Wax crayons on the whole are not popular with young children. They seem to have difficulty pressing hard enough to get as much colour on the paper as they would like. If the crayon is soft and therefore easier to press on it is also more likely to break or bend. The rougher the paper provided the better. A large sheet can be too much to fill for some children but others, of course, like a large sheet so that they can use big movements and make large strokes.
Felt pens and felt markers are easier to use. The good-quality, wide-tipped ones are a more economical buy as they last much longer than the cheap ones. Commonsense is needed here when deciding what size of paper to offer. Perhaps children could be given a choice of three different sizes. Many of these covers have a pocket to take price lists or other information and a piece of plain white or off-white paper slipped inside it makes a good background for coloured felt pens. The marks come off the plastic surface quickly with a damp cloth and the wipe off-start again aspect often encourages children to do more drawing than they would otherwise do.

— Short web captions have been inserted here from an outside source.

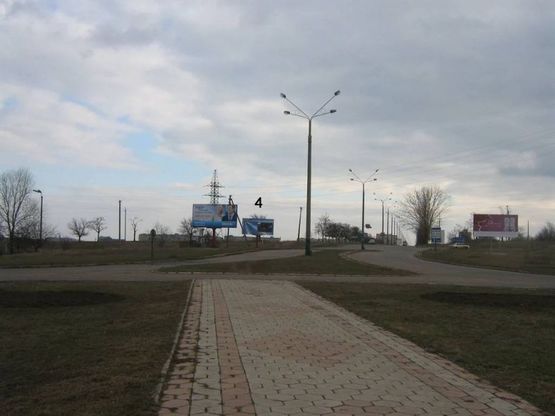 Фото рекламної площини за адресою г.Южный, Поворот в Южный, кольцевая развязка, якорь, слева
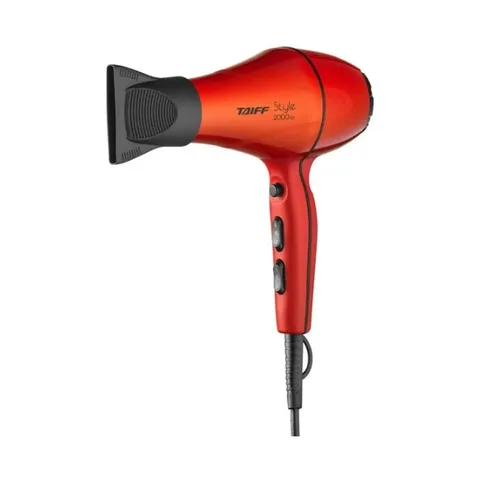 Secador Cabelos Taiff Style Red Jato De Ar Quente e Frio Cor Vermelho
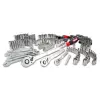 CRAFTSMAN 230-Piece Standard (SAE) and Metric Polished Chrome Mechanics Tool Set with Hard Case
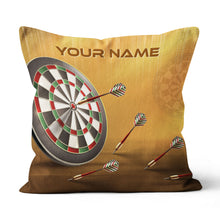 Load image into Gallery viewer, Dartboard Custom Throw Pillow Personalized Dart Gifts For Dart Lovers LDT1107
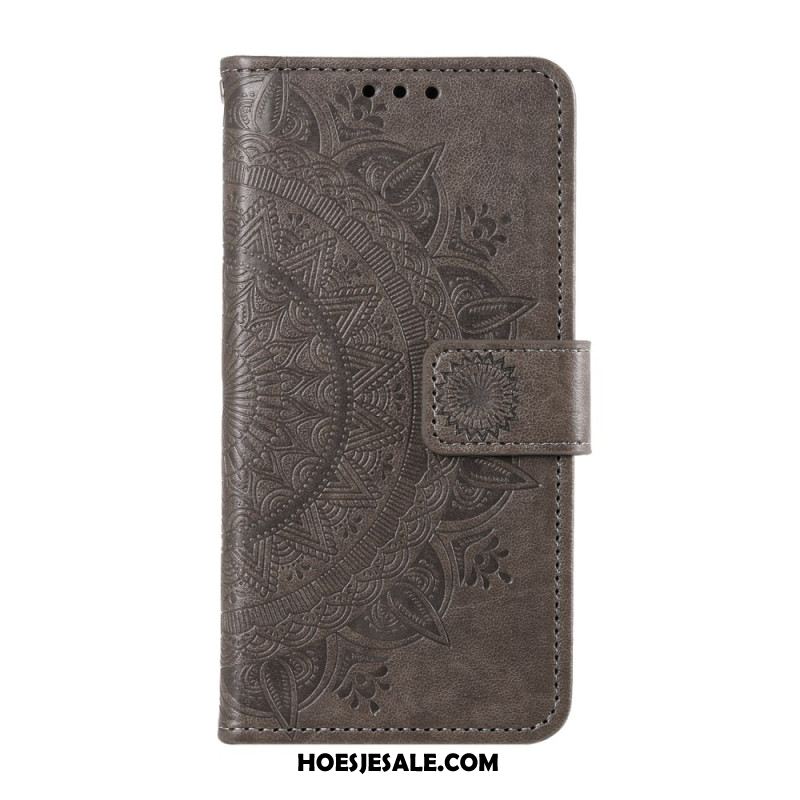 Leren Hoesje Voor Xiaomi Redmi Note 13 5g Mandala Zon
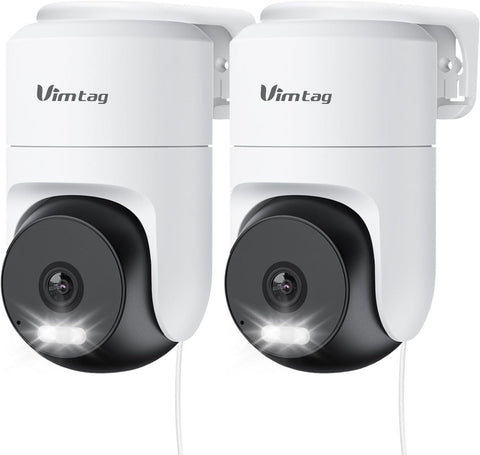 2.5K 4MP PTZ WiFi Security Camera Outdoor 360° AI Tracking Alexa
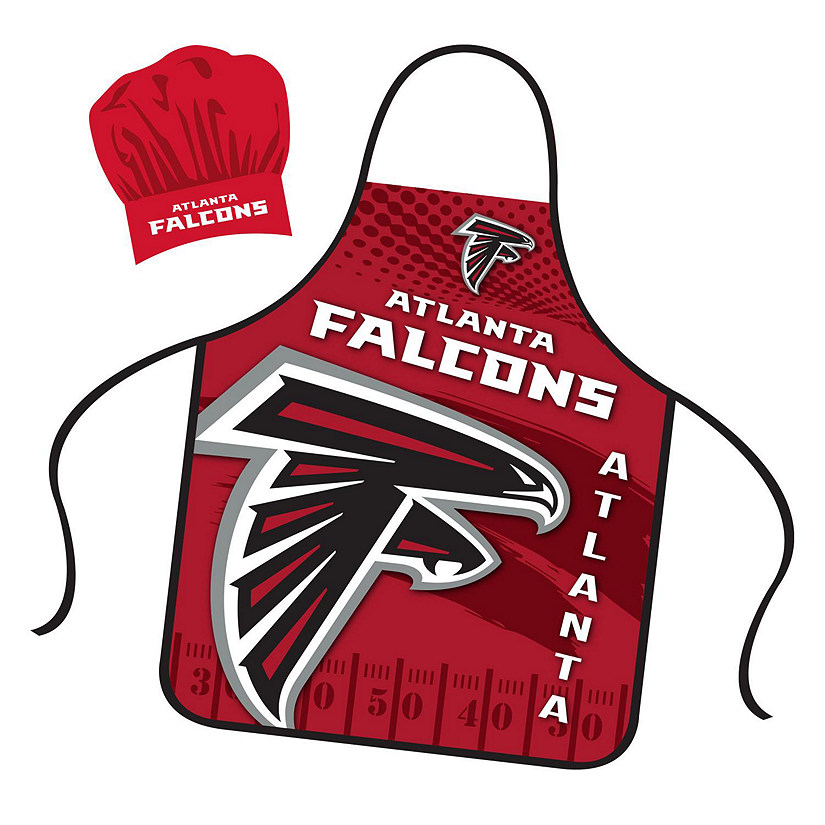 NFL Apron and Chef Hat Set Atlanta Falcons Oriental Trading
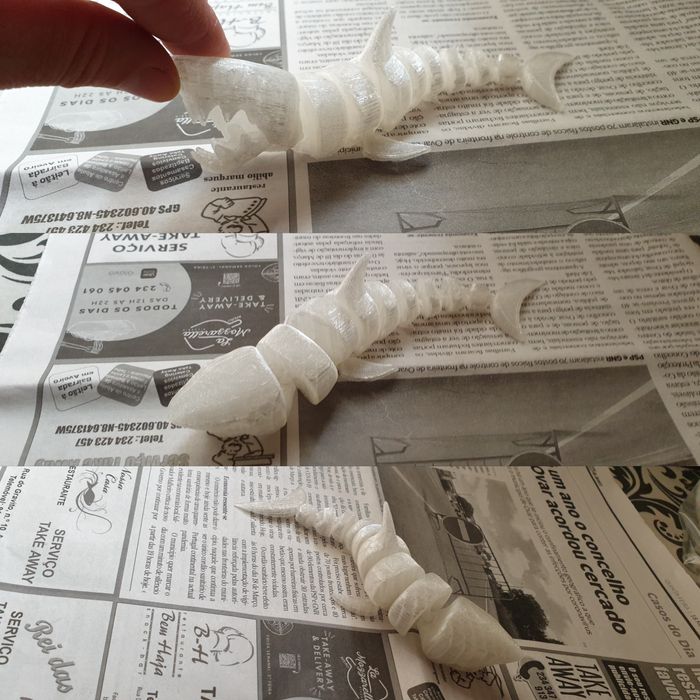 Animais articulados - Tubarao / Tubarao Martelo / Polvo / Camaleao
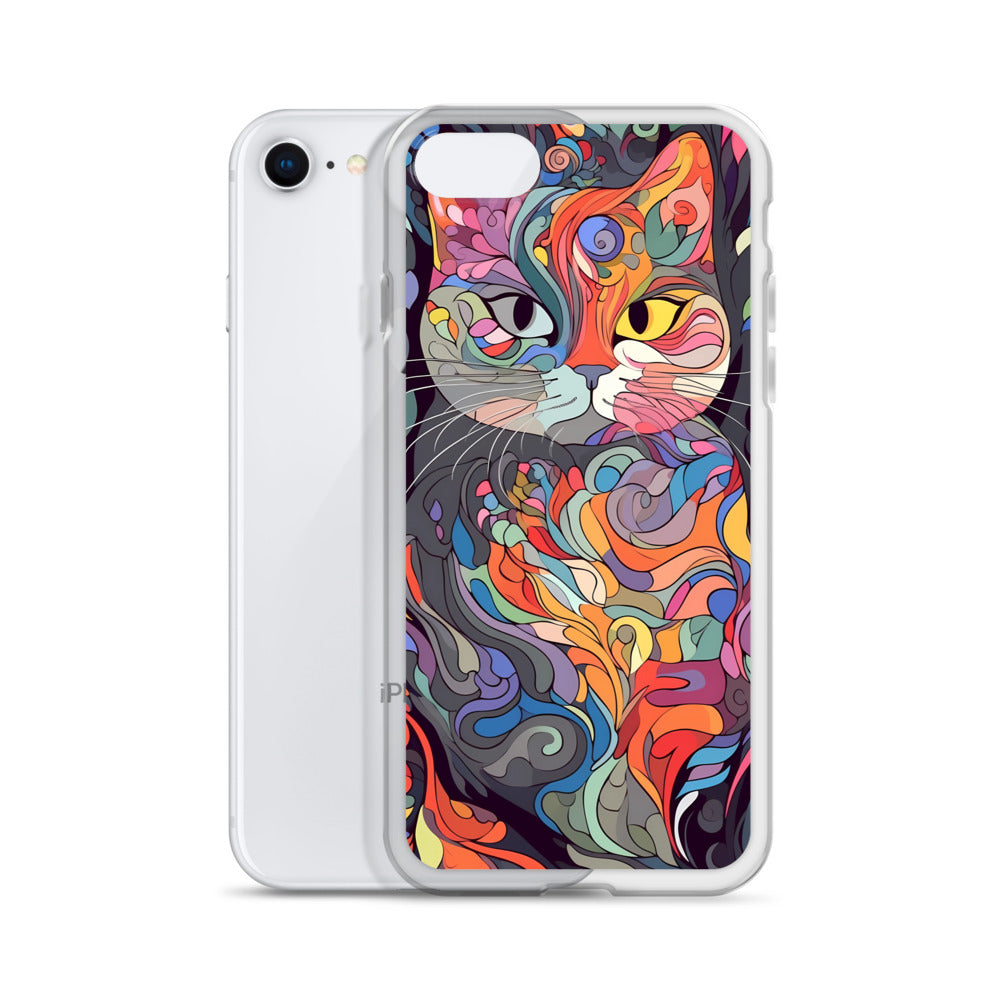 iPhone Case - Psychedelic Cat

There are very good reasons for providing activities in which it may appear that the materials limit the child, as opposed to the apparent freedom offered by brush, paint and paper. In any group of people, men, women, older children or young children there seems to be a similar amount of enthusiasm shown for ‘pure’ painting. About 20 per cent of any true cross-sectional group will happily use painting materials with enjoyment and show satisfaction in what they achieve. The middle 60 per cent will be slower to start, are less sure of themselves, will need to look at what other people are doing, respond to encouragement and interest shown by others and, in varying degrees, admit to some pleasure in the ‘doing’ rather than the result. The remainder need a great deal of persuasion to start at all, would really rather stop than carry on and appear to gain no pleasure from the activity or the end result. Adults in this last category will tell you they have never been any good at painting, never will be and would prefer to do something else please. Their lack of ability, interest and confidence with this medium has no doubt been reinforced over a number of years, particularly at school. In an adult situation it does not matter in the slightest. There are plenty of other ways in which they can express themselves, find relaxation or achieve some satisfying, creative objective. All this is equally true of the under-five non-painters, although it is too sweeping to blame early ‘failure’ as the only reason for their lack of interest.
In the case of young children, however, we do wish them to notice and experiment with shape, colour, texture and with different tools, and they need as many means of expression for their ideas and emotions as possible especially if they are not very articulate. This group need foolproof, fail-safe activities which give them some framework within which to work so that they can enjoy using paint or other colour sources without their lack of original ideas being a bar to some degree of success. This leads to the need for creative activities involving pattern or materials which are intrinsically interesting or beautiful and do at least half the work for the child, so that he can produce something that looks nice and can enjoy doing it. Many of the ‘ I’d really rather not do art’ adults respond to these activities too. Apart from their value for less confident individuals, activities such as collage, junk, pattern making of various kinds and rubbings are a good source of opportunities for every child.